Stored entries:
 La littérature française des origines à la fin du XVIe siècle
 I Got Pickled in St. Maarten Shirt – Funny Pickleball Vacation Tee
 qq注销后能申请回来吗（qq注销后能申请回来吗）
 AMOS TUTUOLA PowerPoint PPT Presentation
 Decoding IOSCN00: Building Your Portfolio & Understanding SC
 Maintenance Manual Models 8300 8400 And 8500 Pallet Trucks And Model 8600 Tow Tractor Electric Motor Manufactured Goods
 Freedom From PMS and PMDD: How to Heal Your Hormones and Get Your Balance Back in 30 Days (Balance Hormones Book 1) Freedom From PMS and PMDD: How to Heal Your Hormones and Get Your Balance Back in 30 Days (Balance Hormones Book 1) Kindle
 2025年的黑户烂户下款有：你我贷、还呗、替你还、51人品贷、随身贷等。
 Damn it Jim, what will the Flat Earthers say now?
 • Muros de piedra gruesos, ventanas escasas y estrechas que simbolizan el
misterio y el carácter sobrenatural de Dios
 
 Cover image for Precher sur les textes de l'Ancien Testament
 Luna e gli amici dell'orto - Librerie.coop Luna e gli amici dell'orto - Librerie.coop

» What the task asks:
Go through the records above and copy every line holding the word "Your".

» Task answer:
 Decoding IOSCN00: Building Your Portfolio & Understanding SC
 Freedom From PMS and PMDD: How to Heal Your Hormones and Get Your Balance Back in 30 Days (Balance Hormones Book 1) Freedom From PMS and PMDD: How to Heal Your Hormones and Get Your Balance Back in 30 Days (Balance Hormones Book 1) Kindle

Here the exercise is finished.